» What the task requires: Leave out all pictures. Extract exactly the lines from the one containing "Catalogue đặc sản" through the end of the data.

Data Block Start

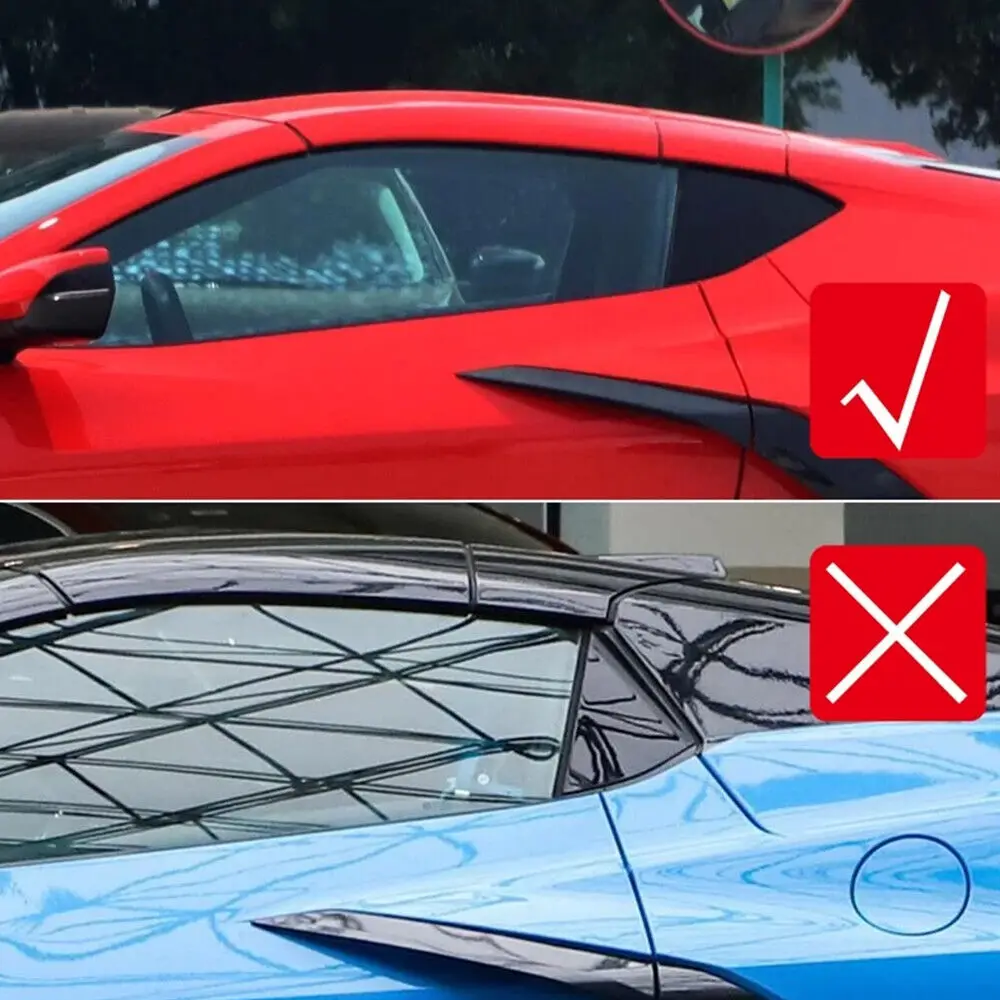 For Chevrolet Corvette C8 2020 2021 2022 2023 Car Rear Louver Window Side Shutter Cover Trim Sticker Vent Scoop ABS Carbon Fiber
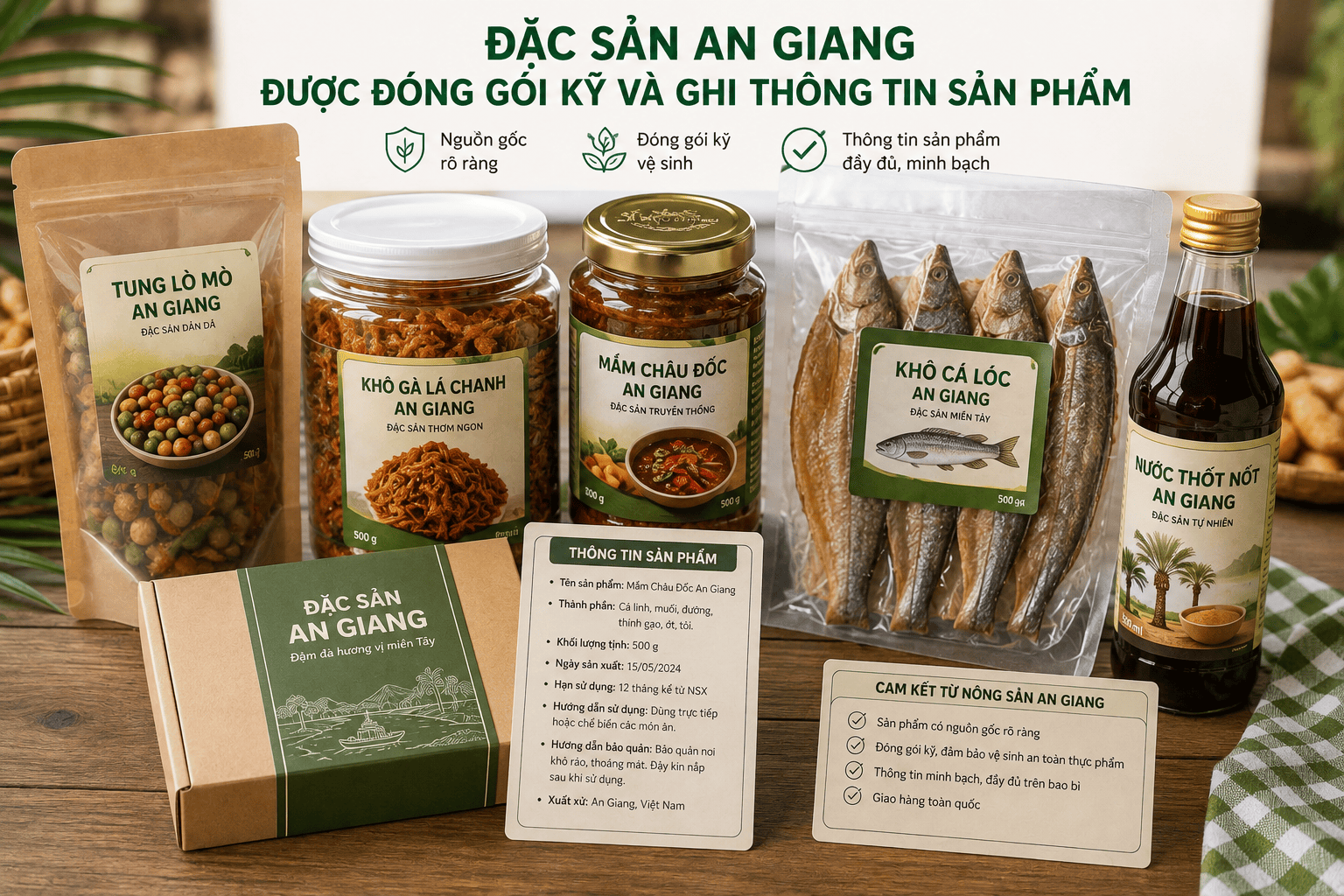 Catalogue đặc sản An Giang dành cho cửa hàng, đại lý và đối tác 4 Đặc sản An Giang được đóng gói kỹ và ghi thông tin sản phẩm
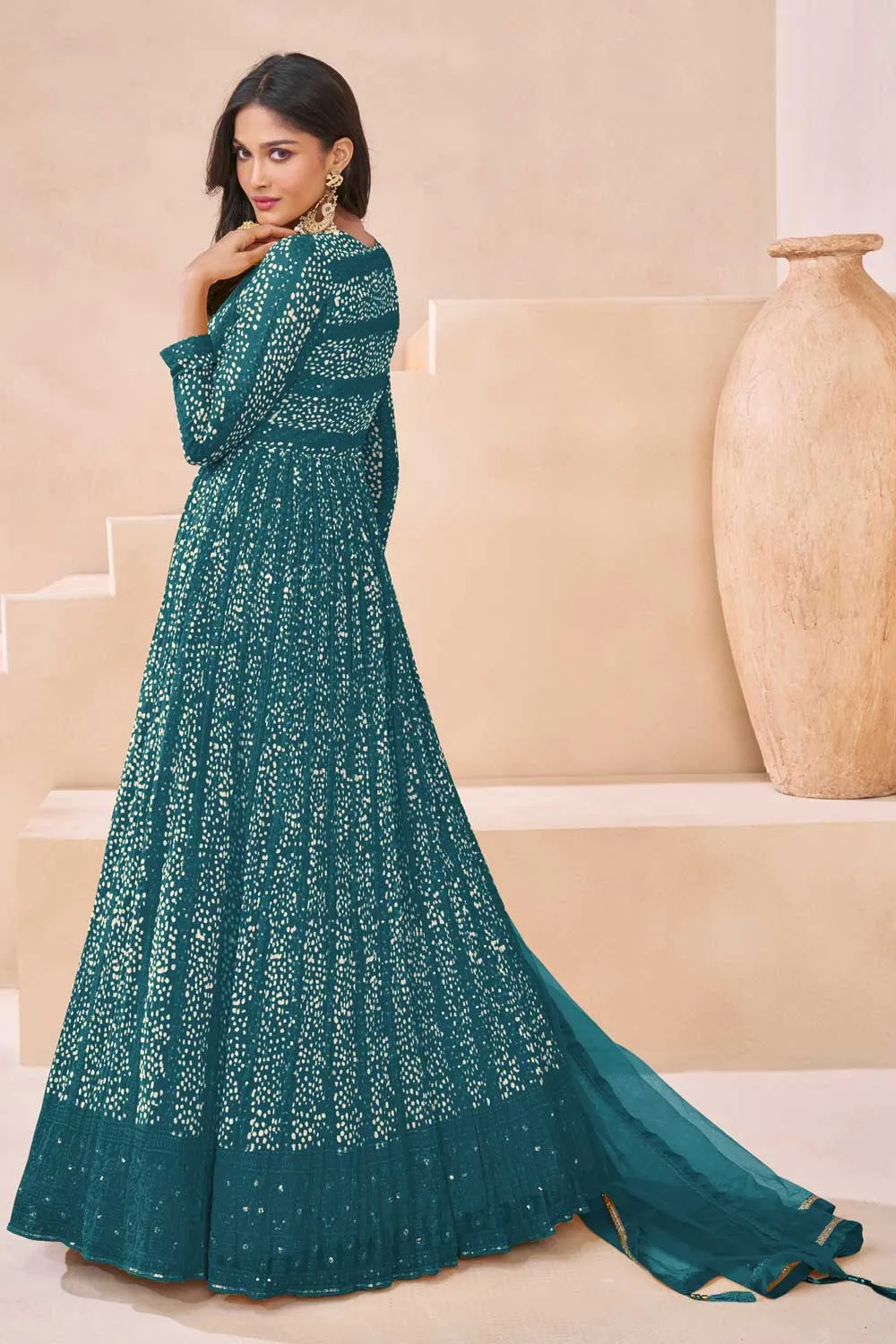 Sushrii Mishraa Gorgeous Anarkali Suit For Function In Teal Color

Data Block End

» Response area:
 Catalogue đặc sản An Giang dành cho cửa hàng, đại lý và đối tác 4 Đặc sản An Giang được đóng gói kỹ và ghi thông tin sản phẩm
 Sushrii Mishraa Gorgeous Anarkali Suit For Function In Teal Color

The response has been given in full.